No era amigo de los hombres vivos, solo lo era de los muertos y de los animales, quería a los gatos, a los perros y a los caballos Sultán y Lucero, que cuando recibían su orden de enganchar, enculaban solos en las varas de la carroza y agachaban la cerviz para recibir en sus cuellos las colleras.

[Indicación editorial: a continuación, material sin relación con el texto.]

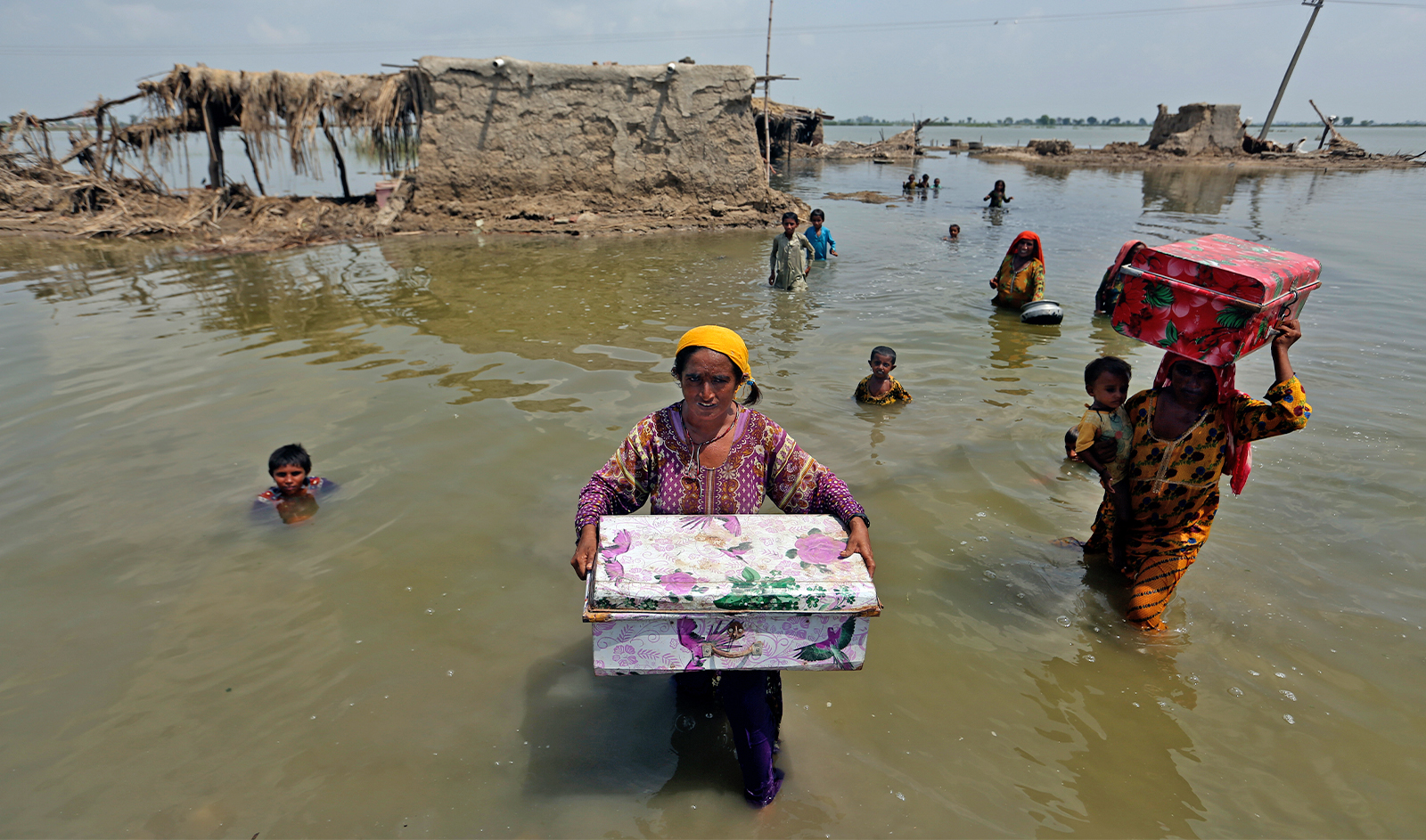Women carry belongings salvaged from their flooded home after monsoon rains in the Qambar Shahdadkot, Pakistan, on September 6, 2022. (AP/File)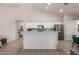 Bright, spacious kitchen with white cabinetry, stainless steel appliances, and a breakfast bar at 5401 S Dove Holw, Buckeye, AZ 85326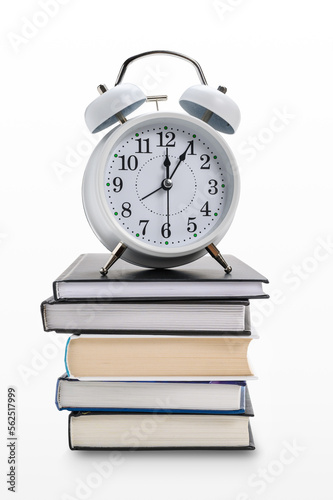 Alarm clock on a stack of books or textbooks on a white background.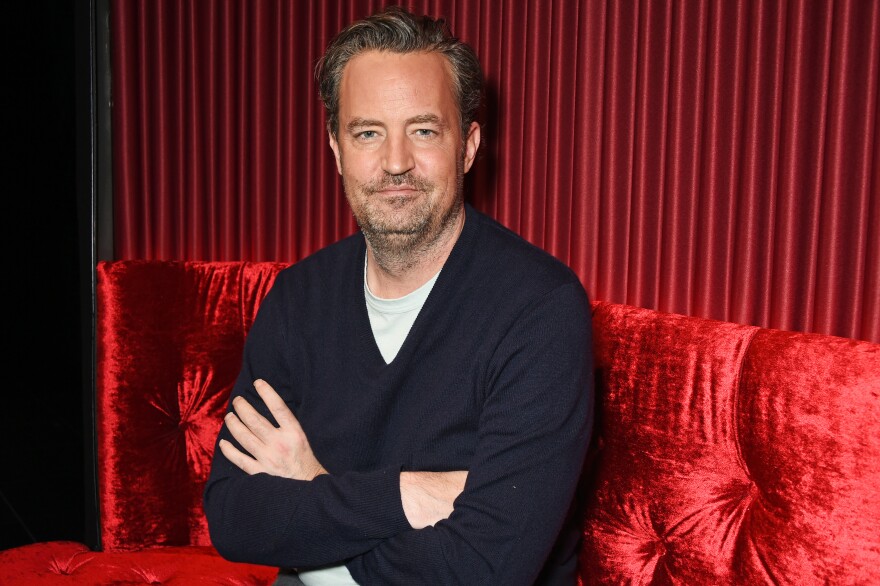 A man in a V-neck sweater with his arms crossed, sitting on a red velvet couch and smiling at the camera.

Era tan pacífico que a su perro tuerto, lo llamaba Ghandi, que por cierto se entrecruzaba entre las patas en movimiento de los caballos y nunca las rozaba.
Los entierros eran clasistas y se hacía notar la categoría del muerto, según las cortinas de la Carroza fuesen moradas, rojas o blancas, pero quedaban los parias, aquellas personas pobres y desamparadas, que después de introducirlas en cajas de chopo, desnudas y agrietadas, eran conducidas no en Carroza, sino en el Trum-Trum, carro negro y desvencijado, que pasaba por las noches haciendo un ruido como expresa su nombre, rápido y sin ningún cortejo. Bien se vale que Mosen Santamaría, con esa humildad y humanidad que le caracterizaba, los esperaba en el cementerio para rezarles un responso y darles la postrera bendición.
El pobre Montenegro se confesó con un sacerdote humilde y santo, don Benito Torrellas y dio “El Salto” a la Eternidad, que escribió el poeta León Felipe y que yo le dedico.